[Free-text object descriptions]
:::

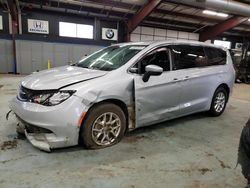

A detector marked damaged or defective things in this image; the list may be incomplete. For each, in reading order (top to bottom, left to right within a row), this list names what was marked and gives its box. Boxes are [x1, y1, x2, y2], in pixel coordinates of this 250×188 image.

damaged front bumper [8, 95, 87, 151]
cracked bumper cover [8, 95, 88, 151]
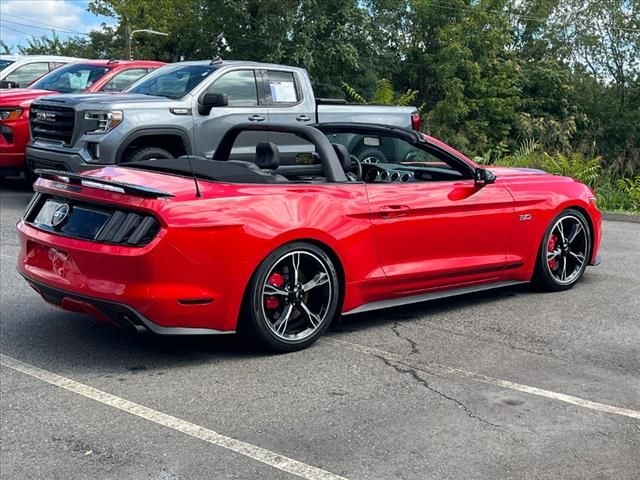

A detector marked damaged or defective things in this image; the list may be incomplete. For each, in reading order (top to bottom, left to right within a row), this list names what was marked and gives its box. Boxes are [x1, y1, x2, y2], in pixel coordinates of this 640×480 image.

crack in asphalt [390, 322, 420, 356]
crack in asphalt [378, 350, 502, 430]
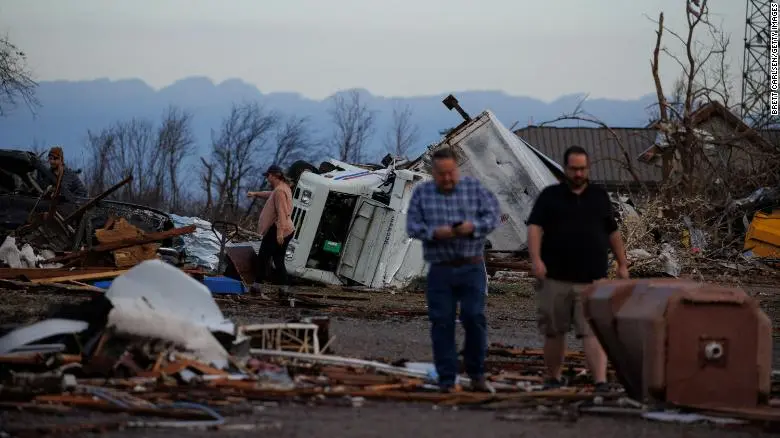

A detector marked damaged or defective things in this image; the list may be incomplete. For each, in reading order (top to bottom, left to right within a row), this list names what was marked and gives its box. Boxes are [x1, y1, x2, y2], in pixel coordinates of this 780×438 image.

overturned truck [280, 95, 560, 288]
splintered lumber [44, 226, 197, 264]
broken wooden plank [44, 226, 197, 264]
splintered lumber [29, 268, 128, 286]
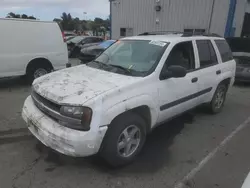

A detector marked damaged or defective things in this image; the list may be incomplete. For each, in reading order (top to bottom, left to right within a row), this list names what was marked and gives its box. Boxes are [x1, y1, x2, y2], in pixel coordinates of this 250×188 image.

damaged hood [32, 65, 138, 105]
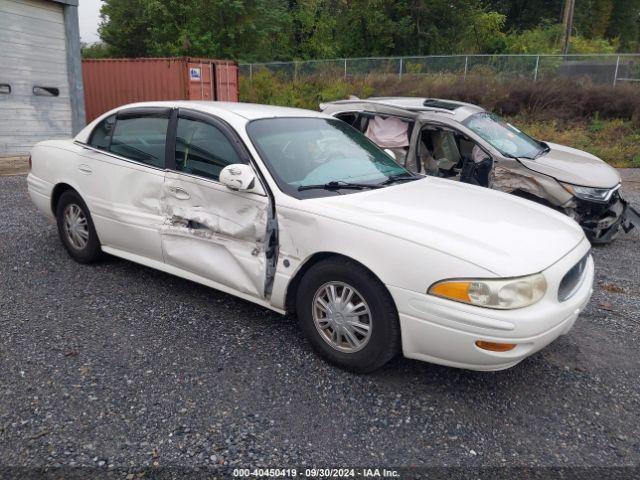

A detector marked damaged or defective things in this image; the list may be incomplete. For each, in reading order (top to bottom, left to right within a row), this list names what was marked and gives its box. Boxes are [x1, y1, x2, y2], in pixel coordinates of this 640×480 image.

dented rear door [161, 109, 272, 298]
dented front door [161, 113, 272, 300]
damaged silver car [322, 96, 636, 244]
broken front grille [560, 253, 592, 302]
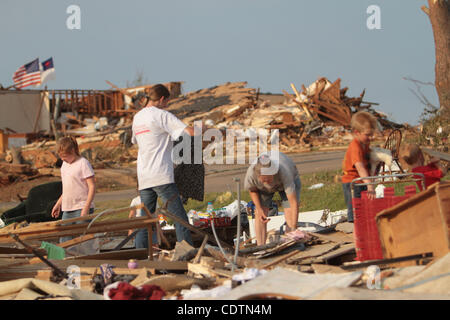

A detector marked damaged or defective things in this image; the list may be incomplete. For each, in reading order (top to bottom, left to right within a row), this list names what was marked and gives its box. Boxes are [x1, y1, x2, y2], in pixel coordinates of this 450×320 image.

broken plywood sheet [215, 268, 362, 300]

:::

Try it ▸ The lines from the one containing "this 450×320 image." through the end of the data are to be copied exactly, the first and last of them included.

Response box ▸
A detector marked damaged or defective things in this image; the list may be incomplete. For each, in reading order (top to bottom, left to right within a row), this list names what was marked and gives its box. Boxes are [x1, y1, x2, y2], in pixel coordinates of this 450×320 image.

broken plywood sheet [215, 268, 362, 300]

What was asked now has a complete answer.